Wohnungsbau: Addis Abeba, Äthiopiens Hauptstadt am Fuße
des Entoto-Berges, wurde 1886 unter Kaiser Melenik II. gegründet. Für die
heute rund 3 Mio. Einwohner der Stadt wurden mehr als 120.000 neue Wohnungen
und Hunderte von Wohngebäuden errichtet, um den Wohnungsmangel in der
Hauptstadt und ihrer Umgebung zu reduzieren. Dieser Bauboom sorgt für eine
große Nachfrage nach Baumaterial. So benötigt die Stadt im laufenden Jahr 1,3
Mio. m3 Kies und in den kommenden fünf Jahren schätzungsweise
weitere 6 Mio. m3 allein für den Wohnungsbau.

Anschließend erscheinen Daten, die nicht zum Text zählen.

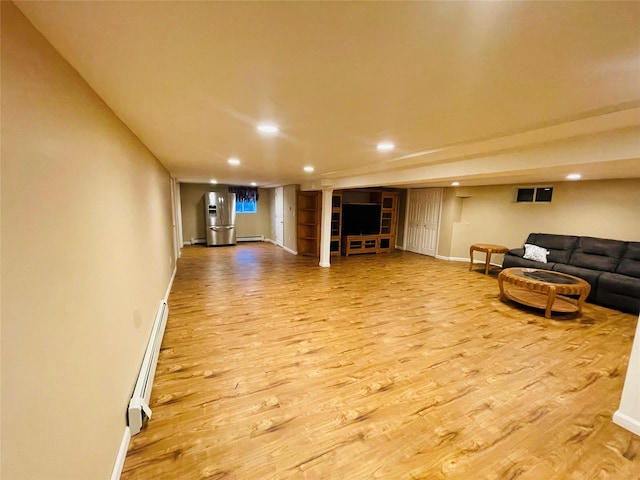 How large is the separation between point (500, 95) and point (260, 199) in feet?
31.2

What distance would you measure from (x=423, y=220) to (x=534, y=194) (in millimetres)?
A: 2859

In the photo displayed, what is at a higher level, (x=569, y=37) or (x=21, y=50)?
(x=569, y=37)

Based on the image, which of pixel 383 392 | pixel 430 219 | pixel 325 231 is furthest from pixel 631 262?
pixel 325 231

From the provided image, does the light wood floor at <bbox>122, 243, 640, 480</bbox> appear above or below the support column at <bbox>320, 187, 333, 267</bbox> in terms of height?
below

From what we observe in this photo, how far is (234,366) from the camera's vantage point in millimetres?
2555

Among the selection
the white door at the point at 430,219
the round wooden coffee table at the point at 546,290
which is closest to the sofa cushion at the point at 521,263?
the round wooden coffee table at the point at 546,290

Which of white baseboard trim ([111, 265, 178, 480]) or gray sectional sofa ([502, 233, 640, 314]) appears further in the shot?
gray sectional sofa ([502, 233, 640, 314])

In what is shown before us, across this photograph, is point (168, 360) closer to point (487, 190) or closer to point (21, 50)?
point (21, 50)

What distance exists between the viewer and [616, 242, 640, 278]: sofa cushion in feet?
13.8

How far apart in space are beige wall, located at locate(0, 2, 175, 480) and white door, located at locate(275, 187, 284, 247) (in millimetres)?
7109

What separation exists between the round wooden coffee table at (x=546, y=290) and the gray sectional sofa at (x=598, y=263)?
0.45 m

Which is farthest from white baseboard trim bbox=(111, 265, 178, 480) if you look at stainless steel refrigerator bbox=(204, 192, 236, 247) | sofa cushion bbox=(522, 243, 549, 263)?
stainless steel refrigerator bbox=(204, 192, 236, 247)

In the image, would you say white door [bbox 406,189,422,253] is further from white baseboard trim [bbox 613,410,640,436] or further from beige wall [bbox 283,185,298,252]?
white baseboard trim [bbox 613,410,640,436]

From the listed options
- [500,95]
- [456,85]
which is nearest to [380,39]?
[456,85] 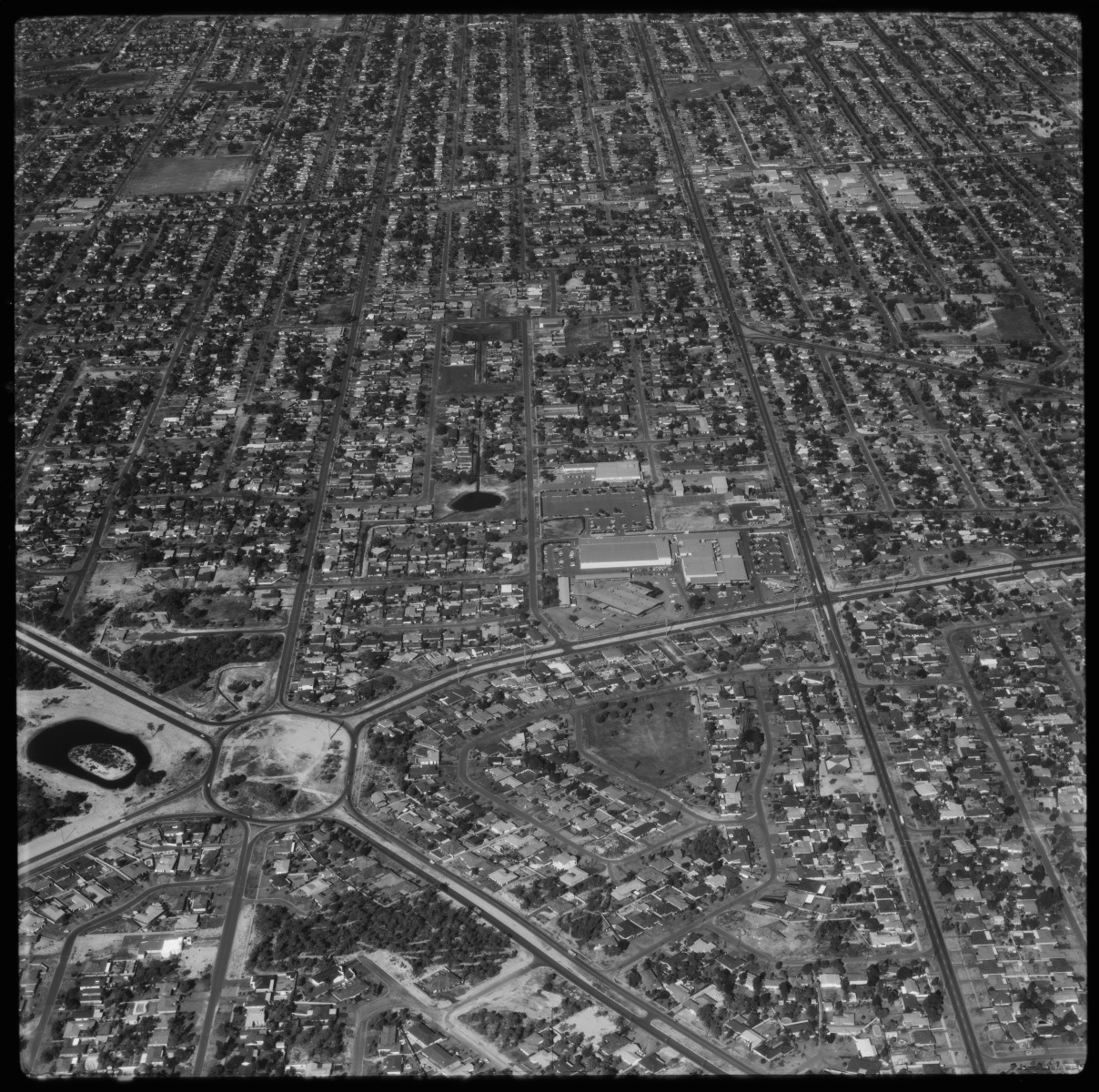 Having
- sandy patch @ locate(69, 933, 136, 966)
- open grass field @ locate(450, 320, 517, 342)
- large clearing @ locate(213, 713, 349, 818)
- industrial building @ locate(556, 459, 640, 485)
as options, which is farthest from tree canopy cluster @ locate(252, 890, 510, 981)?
open grass field @ locate(450, 320, 517, 342)

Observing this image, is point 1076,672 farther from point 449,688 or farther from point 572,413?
point 572,413

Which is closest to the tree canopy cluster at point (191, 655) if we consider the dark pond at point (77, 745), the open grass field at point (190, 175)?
the dark pond at point (77, 745)

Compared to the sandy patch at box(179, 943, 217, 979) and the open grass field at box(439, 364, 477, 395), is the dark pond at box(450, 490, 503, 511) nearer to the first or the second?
the open grass field at box(439, 364, 477, 395)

Verkehr: Da mehr als 82% der Bevölkerung in ländlichen
Gebieten leben, gehörte der Bau guter Straßen und Autobahnen zu den
wichtigsten Projekten. Die gerade fertiggestellte, 80 km lange Autobahn von
Addis Abeba nach Adama (Nazareth) entlastet einen der stauanfälligsten
Korridore. Bis zu 20.000 Fahrzeuge fahren täglich von Addis Abeba durch den
Bundesstaat Oromia nach Adama. Es ist die erste Mautstraße Äthiopiens und die
erste Autobahn in Ostafrika. Sie wurde von der China Communication
Construction Corp. (CCCC) gebaut, als ein erstes Teilstück der zukünftigen
Fernstraße von Addis Abeba nach Dschibuti und Teil eines 64.000 km umfassenden
Straßennetzes, das die Regierung bis 2015 schaffen will.
In Addis Abeba selbst baut die China Railway Group Ltd. ein 34 km langes
Straßenbahnnetz mit 41 Stationen, das die Außenbezirke in Nord-Süd- und
Ost-West-Richtung mit der Stadtmitte verbinden wird. Pro Stunde können in
jeder Richtung bis zu 15.000 Personen transportiert werden. Außerdem wurde
gerade eine Machbarkeitsstudie fertiggestellt, um das nationale Eisenbahnnetz
von derzeit 800-1000 km auf 4-5000 km auszubauen.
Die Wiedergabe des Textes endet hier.